Arlington Parents Call Out School District Over Immersion School Admission Process

Some Arlington parents are angry, demanding answers and transparency from the Arlington Independent School District after their kindergartners were rejected by two highly sought-after public schools: Jones Academy of Fine Arts and Dual Language & Corey Academy of Fine Arts and Dual Language.

Anger set in for many after finding out through other parents that while their children were not accepted, an unknown number of students living outside the district were granted admission.

The language immersion schools were created with Arlington taxpayer money.

Kindergartners at Jones Academy are taught Spanish, music and art and in a few years they will transition to Mandarin.

"Do you want to go to Jones," mother Taylor Taylor asked her 4-year-old in the family's Arlington home.

"Yeah," she quickly responded.

"Why," asked mom.

"Because I want to learn Spanish and do art," she responded.

However, Taylor's little girl won't be attending Jones Academy in the fall as she'd hoped.

The family just received the news this week.

"She cried," said Taylor.

Rejected in a competitive admissions process.

Arlington ISD said that during January's admissions process it received 520 applications for the 110 seats available between Jones in north Arlington and Corey in the south.

"This is a limited resource for our community," said Taylor.

Taylor and many other parents are fuming after finding out an unknown number of students living outside the district were accepted.

"This is really our one chance to get in, so when we have out-of-district students coming in [taking] those spots of in-district-students, it's a disadvantage," she said.

A disadvantage, she said, because Arlington tax payers approved a bond years ago to convert the public schools into what they are today.

"It negatively affects our AISD students when their parents passed the bond package," said Taylor. "Tax payers passed the bond package to help give Arlington students a world-class education."

Kyle Coonrod's daughter didn't get into Jones either.

"She'll be 5. She's amazing. She's smart. She's artistic," he said. "And I thought this program would be a really good fit for her just to challenge her."

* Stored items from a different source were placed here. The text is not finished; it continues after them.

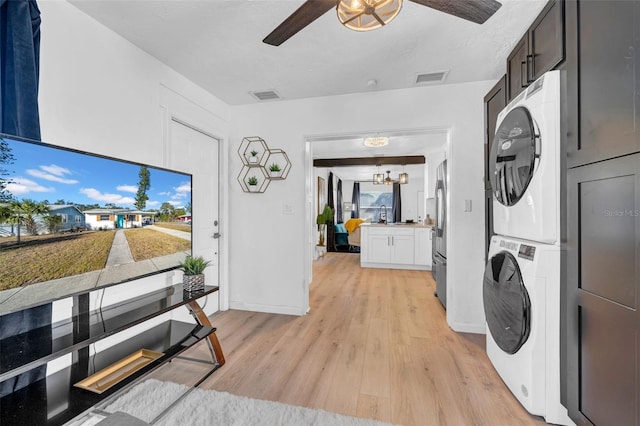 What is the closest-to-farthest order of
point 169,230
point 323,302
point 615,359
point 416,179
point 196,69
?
point 615,359, point 169,230, point 196,69, point 323,302, point 416,179

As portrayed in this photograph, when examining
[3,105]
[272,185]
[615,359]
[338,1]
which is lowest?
[615,359]

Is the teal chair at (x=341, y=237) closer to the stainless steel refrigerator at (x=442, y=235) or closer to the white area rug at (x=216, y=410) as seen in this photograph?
the stainless steel refrigerator at (x=442, y=235)

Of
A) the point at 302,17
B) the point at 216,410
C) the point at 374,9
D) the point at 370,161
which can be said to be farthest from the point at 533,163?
the point at 370,161

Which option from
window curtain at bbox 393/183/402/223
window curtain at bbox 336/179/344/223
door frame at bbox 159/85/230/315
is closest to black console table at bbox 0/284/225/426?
door frame at bbox 159/85/230/315

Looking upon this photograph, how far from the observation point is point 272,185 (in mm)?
3174

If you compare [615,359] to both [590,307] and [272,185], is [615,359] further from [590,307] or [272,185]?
[272,185]

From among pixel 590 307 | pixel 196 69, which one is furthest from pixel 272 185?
pixel 590 307

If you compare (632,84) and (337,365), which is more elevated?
(632,84)

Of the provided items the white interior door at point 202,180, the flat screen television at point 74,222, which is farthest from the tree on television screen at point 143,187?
the white interior door at point 202,180

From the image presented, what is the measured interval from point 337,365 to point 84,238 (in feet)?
5.87

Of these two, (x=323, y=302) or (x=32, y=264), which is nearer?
(x=32, y=264)

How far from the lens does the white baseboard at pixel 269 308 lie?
3.06 meters

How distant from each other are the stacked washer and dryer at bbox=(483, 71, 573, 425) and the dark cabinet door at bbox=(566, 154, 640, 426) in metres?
0.08

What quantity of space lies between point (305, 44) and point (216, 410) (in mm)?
2498
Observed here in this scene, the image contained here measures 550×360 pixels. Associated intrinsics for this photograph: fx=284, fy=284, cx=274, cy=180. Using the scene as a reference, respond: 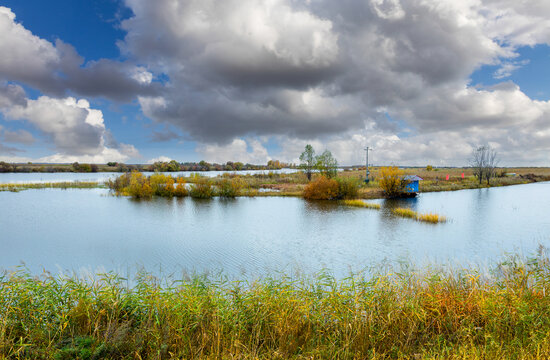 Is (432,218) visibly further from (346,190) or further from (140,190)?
(140,190)

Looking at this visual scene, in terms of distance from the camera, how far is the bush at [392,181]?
31.9m

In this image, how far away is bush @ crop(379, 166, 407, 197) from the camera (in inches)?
1256

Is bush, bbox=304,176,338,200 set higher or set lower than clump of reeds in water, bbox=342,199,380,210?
higher

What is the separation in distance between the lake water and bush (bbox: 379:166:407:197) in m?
6.78

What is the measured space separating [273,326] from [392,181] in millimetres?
30825

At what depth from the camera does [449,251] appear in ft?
40.8

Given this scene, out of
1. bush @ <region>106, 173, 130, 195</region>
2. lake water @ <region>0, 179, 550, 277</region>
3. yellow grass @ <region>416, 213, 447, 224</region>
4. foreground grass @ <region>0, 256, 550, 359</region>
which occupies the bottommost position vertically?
lake water @ <region>0, 179, 550, 277</region>

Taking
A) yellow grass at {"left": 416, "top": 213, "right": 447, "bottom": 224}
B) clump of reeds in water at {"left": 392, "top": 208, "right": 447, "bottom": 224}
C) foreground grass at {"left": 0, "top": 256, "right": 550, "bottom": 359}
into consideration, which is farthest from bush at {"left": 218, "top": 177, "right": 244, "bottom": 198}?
foreground grass at {"left": 0, "top": 256, "right": 550, "bottom": 359}

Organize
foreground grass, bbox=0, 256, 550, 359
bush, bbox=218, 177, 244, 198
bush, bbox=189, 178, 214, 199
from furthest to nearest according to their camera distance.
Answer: bush, bbox=218, 177, 244, 198 < bush, bbox=189, 178, 214, 199 < foreground grass, bbox=0, 256, 550, 359

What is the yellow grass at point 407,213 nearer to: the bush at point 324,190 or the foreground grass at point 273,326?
the bush at point 324,190

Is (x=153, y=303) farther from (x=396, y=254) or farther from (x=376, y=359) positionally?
(x=396, y=254)

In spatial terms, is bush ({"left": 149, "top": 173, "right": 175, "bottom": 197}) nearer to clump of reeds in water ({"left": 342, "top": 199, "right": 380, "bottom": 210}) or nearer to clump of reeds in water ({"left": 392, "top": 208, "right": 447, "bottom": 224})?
clump of reeds in water ({"left": 342, "top": 199, "right": 380, "bottom": 210})

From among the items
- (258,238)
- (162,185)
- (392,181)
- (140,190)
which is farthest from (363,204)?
(140,190)

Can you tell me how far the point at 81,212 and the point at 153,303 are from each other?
2383cm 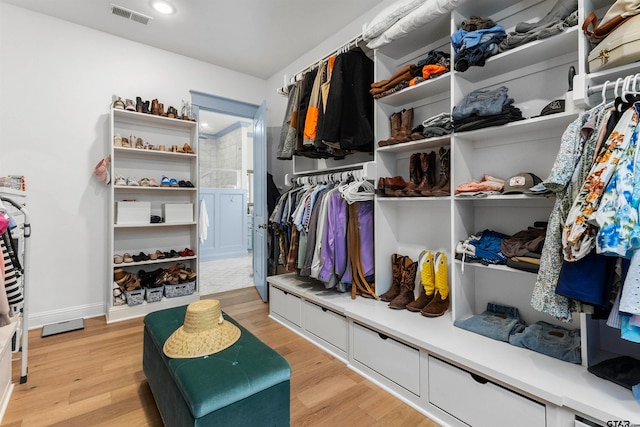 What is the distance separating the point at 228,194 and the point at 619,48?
623 centimetres

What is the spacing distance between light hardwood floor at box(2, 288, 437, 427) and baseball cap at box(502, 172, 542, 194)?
4.23ft

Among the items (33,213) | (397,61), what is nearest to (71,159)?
(33,213)

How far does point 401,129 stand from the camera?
228cm

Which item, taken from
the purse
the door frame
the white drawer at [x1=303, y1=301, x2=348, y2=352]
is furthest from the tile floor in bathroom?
the purse

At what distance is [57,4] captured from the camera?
107 inches

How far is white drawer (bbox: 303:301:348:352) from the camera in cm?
222

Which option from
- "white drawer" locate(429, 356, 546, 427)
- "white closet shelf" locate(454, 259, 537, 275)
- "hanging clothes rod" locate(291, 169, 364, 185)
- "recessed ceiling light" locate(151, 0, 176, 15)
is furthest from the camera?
"recessed ceiling light" locate(151, 0, 176, 15)

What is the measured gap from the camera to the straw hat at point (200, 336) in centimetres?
140

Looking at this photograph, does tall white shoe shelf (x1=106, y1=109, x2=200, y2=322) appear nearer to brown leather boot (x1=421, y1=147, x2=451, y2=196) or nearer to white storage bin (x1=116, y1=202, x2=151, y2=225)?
white storage bin (x1=116, y1=202, x2=151, y2=225)

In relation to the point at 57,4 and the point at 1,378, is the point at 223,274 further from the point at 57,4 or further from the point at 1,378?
the point at 57,4

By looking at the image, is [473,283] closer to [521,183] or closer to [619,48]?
[521,183]

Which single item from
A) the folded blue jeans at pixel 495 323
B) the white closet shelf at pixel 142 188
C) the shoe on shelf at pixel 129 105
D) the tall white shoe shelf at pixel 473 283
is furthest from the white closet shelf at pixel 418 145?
the shoe on shelf at pixel 129 105

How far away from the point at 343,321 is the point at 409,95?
5.65 feet

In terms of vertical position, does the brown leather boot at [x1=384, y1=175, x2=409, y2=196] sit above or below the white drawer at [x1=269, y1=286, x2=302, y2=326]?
above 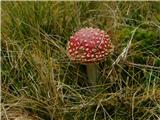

Coonrod plans on attending a school board meeting to demand a more transparent process that favors in-district students.

"Why does it seem like there's preferential treatment to certain parents and not others? What's the process for admissions? How is this being graded," he asked. "I'm not mad at those kids. They're not the ones that did this. It's poor policies inside AISD that's causing this and I want to know what's the motivation behind this."

Taylor said some parents online have stated that one child already attends the school but their other child was rejected, forcing families to juggle drop-off and pick up times at different campuses.

"As long as there are AISD students that want to go to this program, there should be no out-of-district families," said Taylor.

After refusing an on-camera interview with NBC 5, Arlington ISD released a statement saying, in part, that out of 190 kindergartners accepted into Jones and Corey Academies, 29 students live outside Arlington.

The district stated that it gives weight in the admissions process to students who live in Arlington, have a sibling who attends either schools and/or are proficient in more than one language.

The district went on to say that parents of children not admitted into the academies are being offered enrollment into Wimbish World Language Academy which is opening in the fall.

However, Coonrod told NBC 5, while that is true, he was already informed that his daughter will have to take French immersion at the language academy instead of the language he wanted: Spanish.